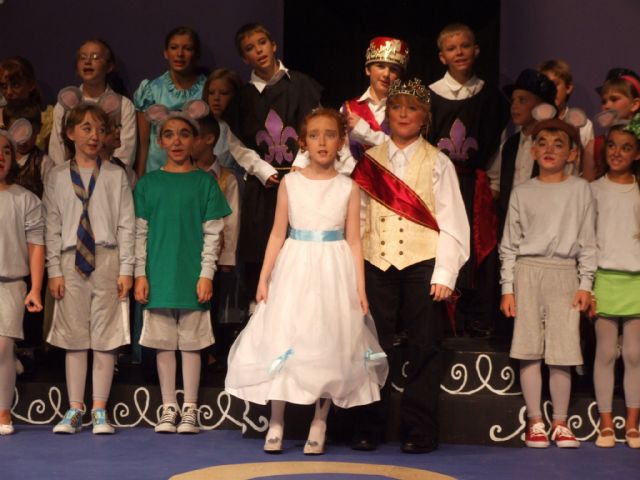 cinderella kids
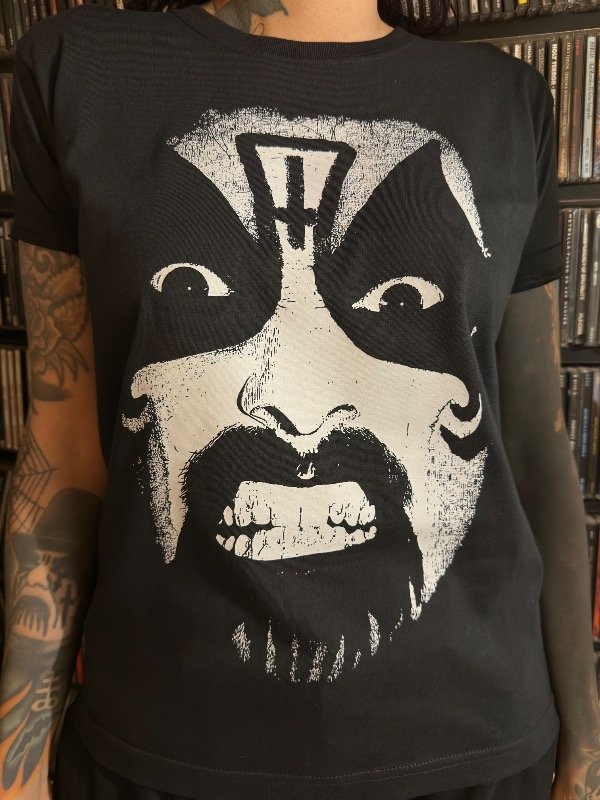Producto - Remera - Mercyful Fate - Mercyful Face - 0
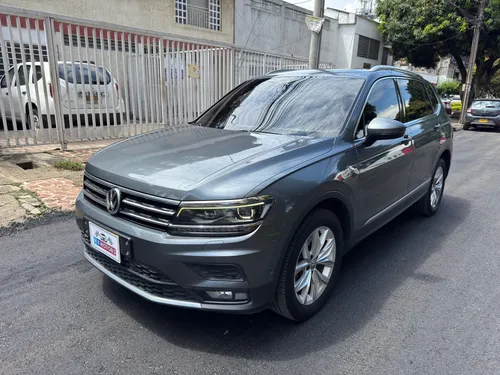 Volkswagen Tiguan Comfortline 2019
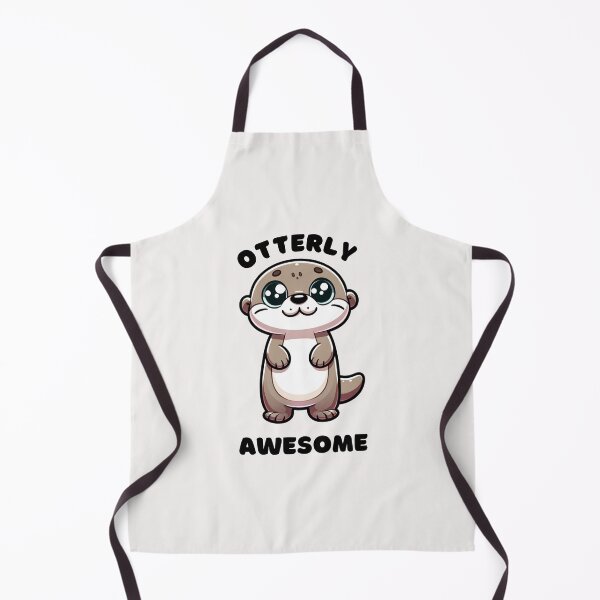 Item preview, otterly awesome designed and sold by creativechaster.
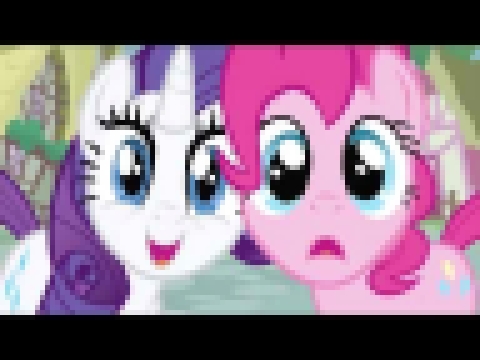 Видеоклип на песню Мой маленький пони - Май Литл Пони (3 серия)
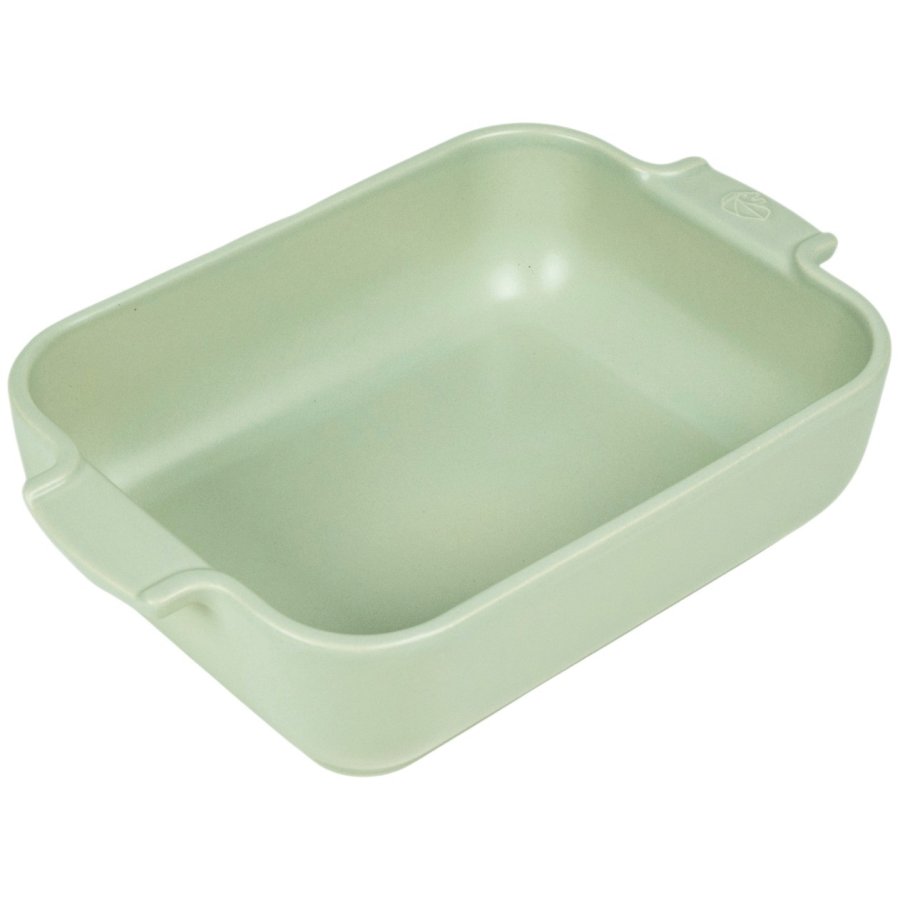 Peugeot Appolia Ovnfast Fad 25x15,5 cm, Salviegrn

#### Assigned task:
In the copy, leave out all pictures, and retype exactly each line from the one with "Producto - Remera" through the last line of the entries.

#### Solution:
Producto - Remera - Mercyful Fate - Mercyful Face - 0
 Volkswagen Tiguan Comfortline 2019
 Item preview, otterly awesome designed and sold by creativechaster.
 Видеоклип на песню Мой маленький пони - Май Литл Пони (3 серия)
 Peugeot Appolia Ovnfast Fad 25x15,5 cm, Salviegrn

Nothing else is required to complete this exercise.